師匠は一人で編みますが、今回は四人がかり・・・竹が折れないように慎重に。/The Fujii Kioke master can weave the bamboo hoop binding by himself. But at Yamaroku, four people are needed so that the bamboo will not break.
ハンマーでひたすら叩く。男四人が全力で打ち下ろして数センチ下がる程度。/Hammers are used to push the bamboo hoop bindings into place. With four men using full power, they can only bring down a few centimeters each time.
底板を入れるのも一苦労。フォークリフトと人力でなんとか所定の位置に。/It is difficult to add the bottom plate, so a forklift is used to set it down.
六代目予定の康蔵くん。右手に炭をたっぷりつけて・・・/With his right hand covered in charcoal, Kozo-kun is set to be the sixth generation owner of Yamaroku Soy Sauce Brewery.

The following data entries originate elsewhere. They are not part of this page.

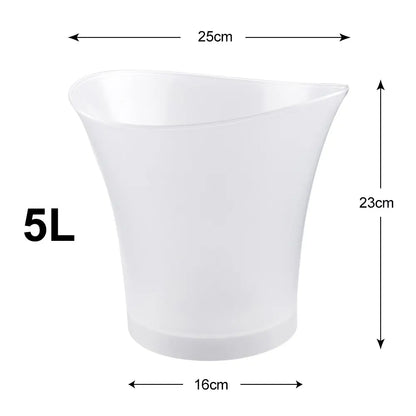 Cubo de hielo LED impermeable para bares, cubos de cerveza, champán, fiesta nocturna, 5L, 6 colores
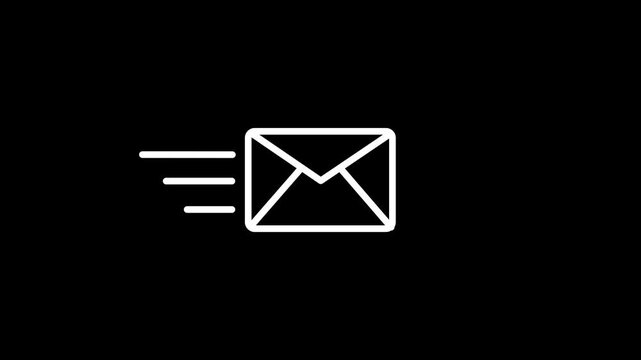 Animated envelope mail icon representing email messaging, digital communication, newsletters, notifications, and electronic mail.customer communication, and 4K motion graphics.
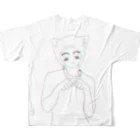 龍之介くんの犬 女の子 フルグラフィック Tシャツ All-Over Print T-Shirt :back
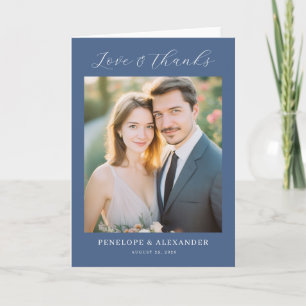 Elegant Navy Celebration Photo Thank You Card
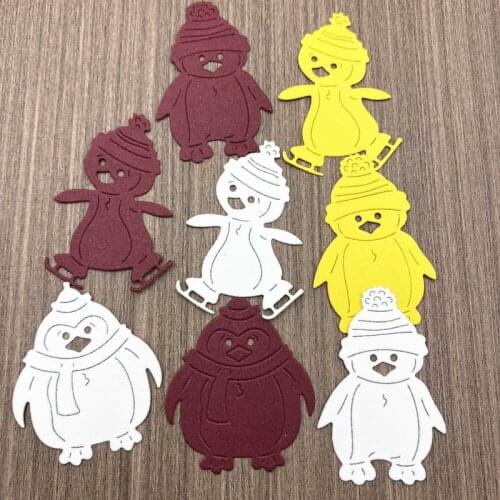 6pcs/set Cartoon Penguin Cutting Dies Christmas Metal Cutting Dies Stencils for DIY Scrapbooking Album Paper Card Embossing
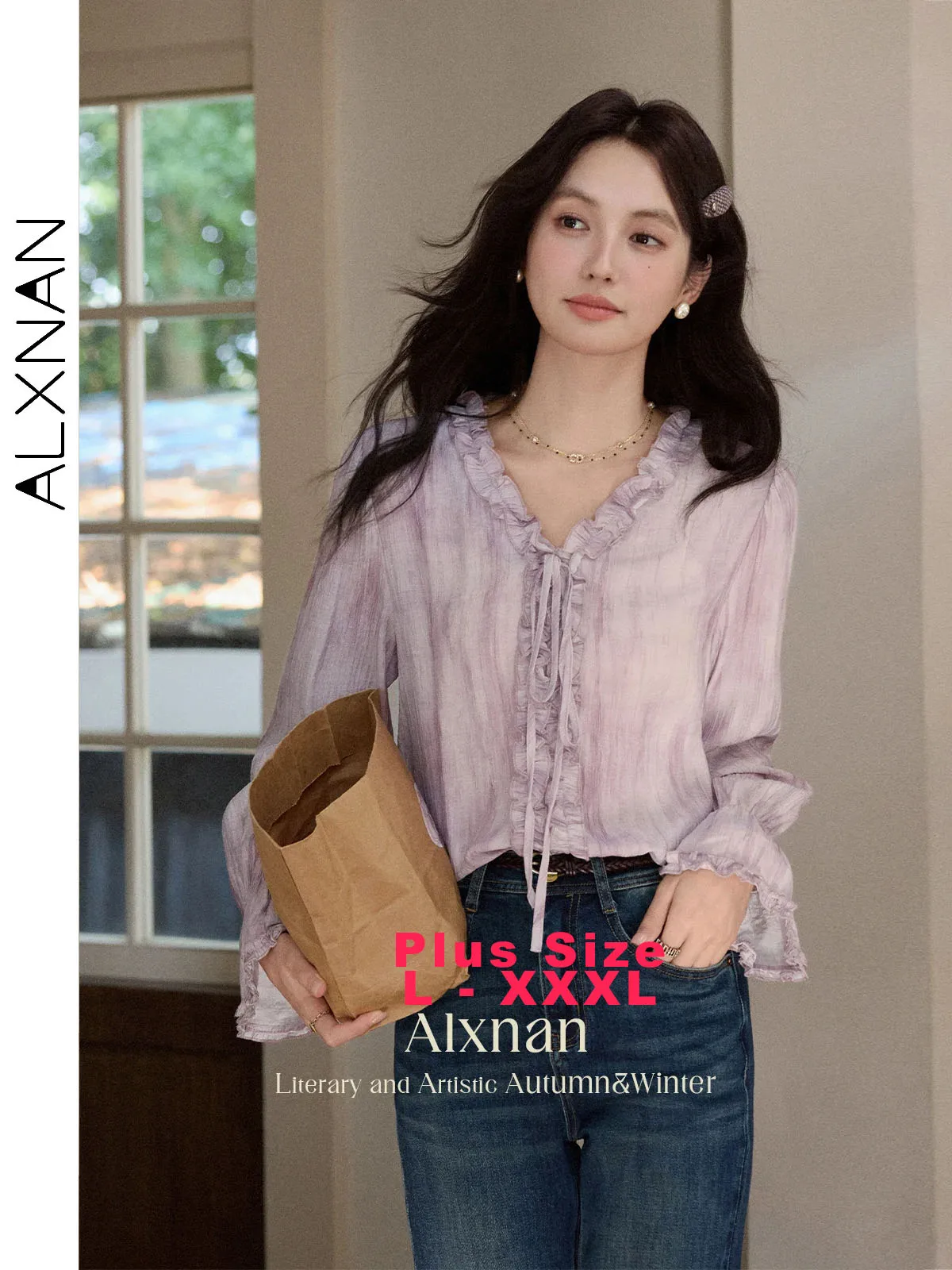 

ALXNAN фиолетовая рубашка больших размеров, элегантные повседневные женские блузки с v-образным вырезом, осень 2021, топы с длинными рукавами, женская шифоновая рубашка D12736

My eldest son is the brewery owner; and I hope my second son is the kioke store owner

At the bottom of the new kioke, Yamamoto wrote, “Kioke No. 1, Yamaroku Soy Sauce 6th Generation” (planned). Next to these words, Kozo-kun wrote his own name with his handprint underneath.

“I want to pass down kioke and traditional brewing methods for my grandchildren’s generation,” said Yamamoto. With that in mind, Yamaroku Soy Sauce Brewery may face obstacles in the future. But, the children in the Yamamoto family find the traditional soy sauce industry to be cool and exciting, so they are ready to take on any challenges.

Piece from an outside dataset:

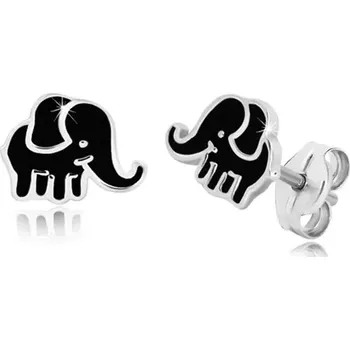 Náušnice Puzetové náušnice ze stříbra 925 - slon s glazurou v černém odstínu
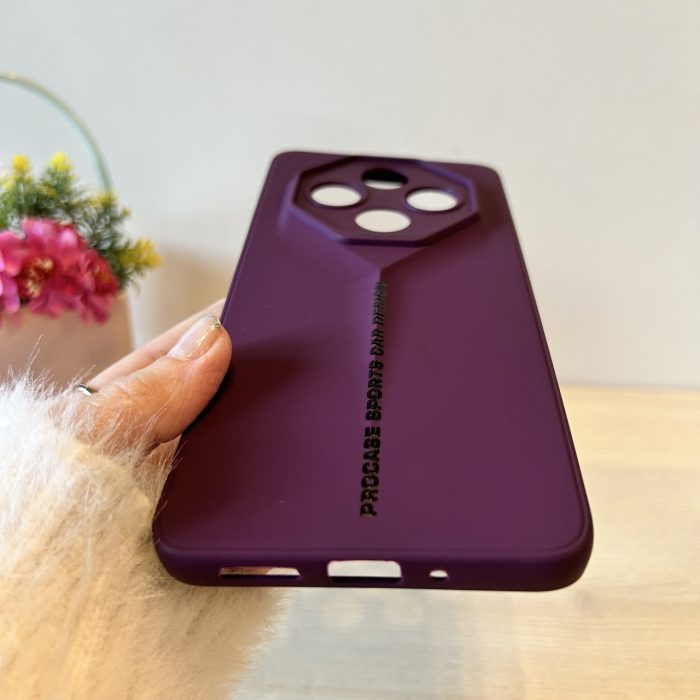 Набор стекло + чехол для xiaomi redmi 14c силіконовий однотонний бампер Sports Car Design (фиолетовый) - Зображення 7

It shouldn’t just be to preserve traditions

Instead of just following old traditions, Yamamoto has the impression of inheriting this traditional industry. However, inheriting this tradition is difficult. It’s not because this happened long ago, but rather, there are very few existing breweries that can explain this technique. However, always facing a new challenge head-on, nothing will stand in the way of Yamamoto making as much delicious soy sauce as possible in the kioke.

醤油づくりも桶づくりも先頭に五代目の山本康夫さんが先頭にたちます。両方を手がけられる職人は日本で唯一の存在です。/Yasuo Yamamoto, fifth generation owner, leads the beginning of a new era of making soy sauce and kioke. He is the only craftsmen in Japan who can handle both tasks.
山本さんは元佃煮メーカーの営業マン。添加物を加えて日持ちをよくしたもの、化学調味料を使って価格を下げた商品が出回っている現実を目の当たりにして小豆島に戻ってきたそうです。「胸を張れる醤油をつくらないといけない!」これが出発点。/Yamamoto was formerly a salesman at Moto Tsukudani Manufacturer. When he witnessed the increase of additives, preservatives, and chemical seasonings in order to reduce production costs, he returned to Shodoshima to take up the brewery. “I need to make soy sauce that I can be proud of!” said Yamamoto, and thus began his journey.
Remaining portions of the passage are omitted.